At the conference, however, Zemach stressed that his plan would maintain a sufficient domestic gas supply to fulfill these needs.

“What we tried to do is try to give the certainty that the industry needs in order to maintain investments, to develop the industry in an efficient manner,” Zemach said.

“That includes not only the natural gas industry and oil industry and refineries but also the petrochemical industry. We believe there is potential for that industry.”

Over the past decade, natural gas consumption in Israel began as 1.19 billion cubic meters per year in 2004, rising to 5.34 billion cubic meters in 2010 and back down to 4.96 billion cubic meters in 2011 and 2.55 billion cubic meters in 2012 after the Egyptian gas supply to Israel ceased, Zemach explained.

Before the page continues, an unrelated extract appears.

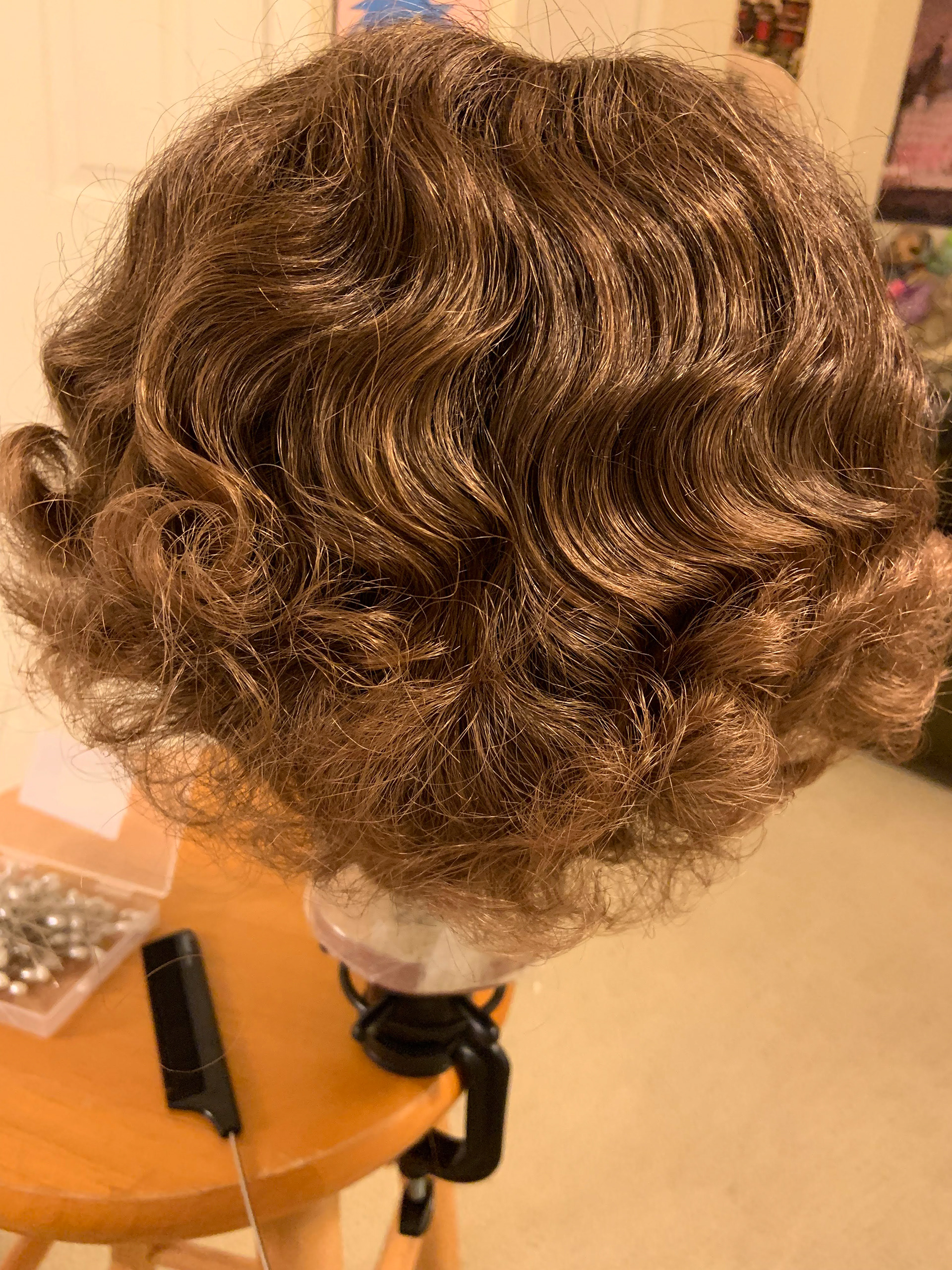 Fingerwaves after roller removal and brush through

This year, the ministry expects gas consumption to rise back up to 7.25 billion cubic meters, increasing to about 9.7 billion cubic meters in 2015 and 13.3 billion cubic meters in 2020, he said.

The Bank of Israel is projecting that that the country’s GDP is gaining about 1% growth from the new natural gas activities, accounting for 25% of growth in 2013.

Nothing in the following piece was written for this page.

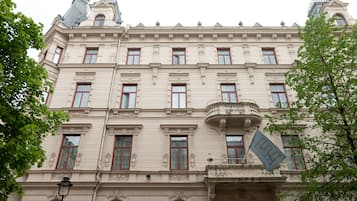 Un edificio histórico con detalles arquitectónicos ornamentales, múltiples ventanas y un balcón.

“We will not sacrifice domestic industries for the sake of exporting natural gas,” Zemach said. “But the other side of that very same point is that those industries have to have some economic and technology grounding. And that’s for you to explore and that’s for us to support.

And I think that’s the new challenge of natural gas for the Israeli economy.

And I’m sure that after this debate is finalized the Israeli economy is going to rebound.”

Ariella Berger, head of oil alternatives and energy research at the Israeli Institute for Economic Planning, said during a panel discussion at the conference that she takes particular issue with these forecast numbers, and that the ministry has not accounted for all of the country’s future needs. While the population today is roughly 8 million, in 2050 it should be around 12 billion, and in terms of Israel’s gas needs “the picture changes substantially,” she said.

Due to population growth, increased need for gas fuel mixes and energy industry’s “own use” – the amount of energy required to extract the resource – the numbers will likely be much higher, Berger said.

“It’s not a very simple matter. The effect on the economy is non-linear,” she said.

As far as petrochemical development from natural gas sources goes, the gas itself – methane in Israel’s case – presents “a very substantial challenge to activate in a way that is commercially viable,” said Dr.

Richard Schlosberg, chairman of the US-based Chemical Research Committee and a consultant, who previously worked for ExxonMobil.

“There are lots of different uses in the end sector and each has a different value for the economy,” he said.

Unlike corporate gas giants such as Exxon or Shell, Israel is not constrained in how it will develop its petroleum, as the country does not have an ingrained infrastructure for dealing with the resource, Schlosberg explained. Rather than focusing on simply alternative fuel development, the country should look to the potential of the chemical industry, he added.

“We believe that the demand around the world for fuels is not growing nearly as fast as the demand for chemicals,” Schlosberg said.

While developing olefins like ethylene and propylene would be mean competing against “the big guys,” Israel could take a different approach and work on developing more complicated oxygenates from natural gas – like glycols and acrylates, Schlosberg said.

Israel could thereby use its natural gas as “something that gives them a sustainable opportunity to meet and beat competition depending upon the pricing,” he said.

A higher level of technology, with which Israel is certainly equipped, is required for such complex but highly profitable chemistry, according to Schlosberg.

“Since you don’t have an existing petrochemical industry, you have a blank page,” he said. “I think you could 20 years from now be among the leading providers of chemical technologies and chemical products.”